_What the task requires_
Extract, exactly as written, the line that contains "this 640×480 image." and all lines after it through the end of the records. Omit pictures.

Free-text object descriptions:

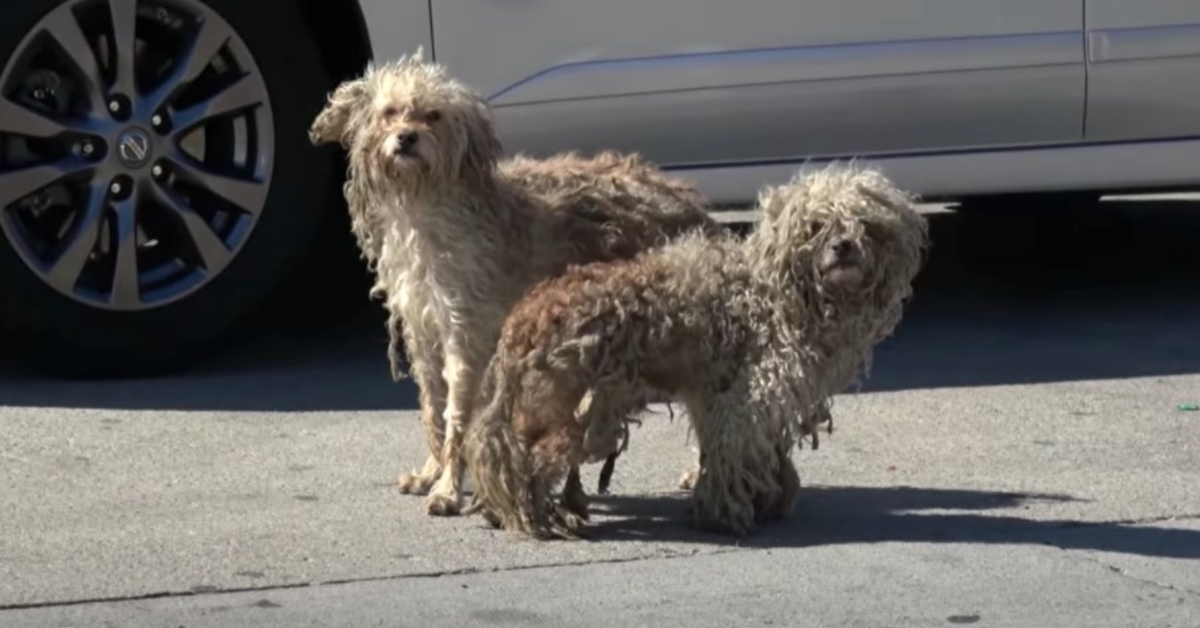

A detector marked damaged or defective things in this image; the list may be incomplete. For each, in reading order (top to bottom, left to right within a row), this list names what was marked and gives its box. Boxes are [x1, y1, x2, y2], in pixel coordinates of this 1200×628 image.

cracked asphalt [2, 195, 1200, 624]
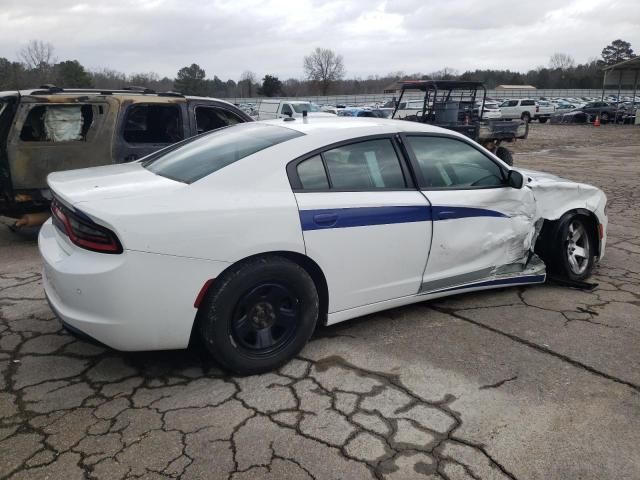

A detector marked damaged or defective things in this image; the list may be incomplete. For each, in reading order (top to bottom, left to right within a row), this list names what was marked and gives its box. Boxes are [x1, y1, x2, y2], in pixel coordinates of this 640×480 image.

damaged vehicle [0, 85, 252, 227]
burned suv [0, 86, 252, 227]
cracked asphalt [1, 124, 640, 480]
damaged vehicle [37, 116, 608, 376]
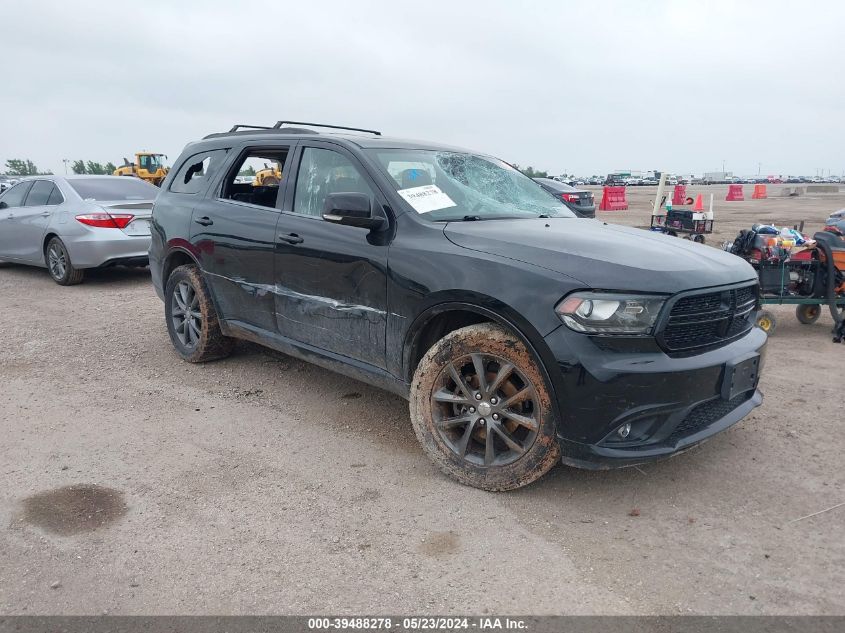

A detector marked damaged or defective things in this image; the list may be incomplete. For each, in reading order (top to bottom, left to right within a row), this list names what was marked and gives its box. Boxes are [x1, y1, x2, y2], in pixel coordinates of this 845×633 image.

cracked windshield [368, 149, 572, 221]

_Exercise solution_
A detector marked damaged or defective things in this image; the list may be incomplete. For each, in reading order (top to bottom, left to right within a row), this list names what was marked and gives its box. Boxes are [x1, y1, x2, y2], in pixel coordinates of this 640×480 image.

damaged vehicle [0, 85, 252, 227]
burned suv [0, 86, 252, 227]
cracked asphalt [1, 124, 640, 480]
damaged vehicle [37, 116, 608, 376]

A detector marked damaged or defective things in this image; the list may be incomplete. For each, in reading order (top to bottom, left to right within a row), this list names what was marked and gives its box. Boxes are [x1, y1, x2, y2], in pixel coordinates of this 845×633 image.

cracked windshield [368, 149, 572, 221]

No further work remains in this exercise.